An important indicator of whether or not a Twitter user is reporting from the scene of a crisis is the number of times they are retweeted. During the Egyptian revolution in early 2011, “nearly 30% of highly retweeted Twitter users were physically present at those protest events.” Kate et al. drew on this insight to study tweets posted during the Occupy Wall Street (OWS) protests in September 2011. The authors manually analyzed a sample of more than 2,300 Twitter users to determine which were tweeting from the protests. They found that 4.5% of Twitter users in their sample were actually onsite.
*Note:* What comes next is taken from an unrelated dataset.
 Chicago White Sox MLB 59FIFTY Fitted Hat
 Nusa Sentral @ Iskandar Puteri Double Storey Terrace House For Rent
Using this dataset as training data, Kate et al. were able to develop a classifier that can automatically identify Twitter users reporting from the protests with an accuracy of just shy of 70%. I expect that more training data could very well help increase this accuracy score.
In any event, “the information resulting from this or any filtering technique must be further combined with human judgment to assess its accuracy.” As the authors rightly note, “this ‘limitation’ fits well within an information space that is witnessing the rise of digital volunteer communities who monitor multiple data sources, including social media, looking to identify and amplify new information coming from the ground.” To be sure, “For volunteers like these, the use of techniques that increase the signal to noise ratio in the data has the potential to drastically reduce the amount of work they must do. The model that we have outlined does not result in perfect classification, but it does increase this signal-to-noise ratio substantially—tripling it in fact.”
I really hope that someone will leverage Kate’s important work to develop a standalone platform that automatically generates a list of Twitter users who are reporting from disaster-affected areas. This would be a very worthwhile contribution to the ecosystem of next-generation humanitarian technologies. In the meantime, perhaps QCRI’s Artificial Intelligence for Disaster Response (AIDR) platform will help digital humanitarians automatically identify tweets posted by eyewitnesses. I’m optimistic since we were able to create a machine learning classifier with an accuracy of 80%-90% for eyewitness tweets. More on this in our recent study.
One question that remains is how to automatically identify tweets like the one above? This person is not an eyewitness but was likely on the phone with her family who are closer to the action. How do we develop a classifier to catch these “second-hand” eyewitness reports?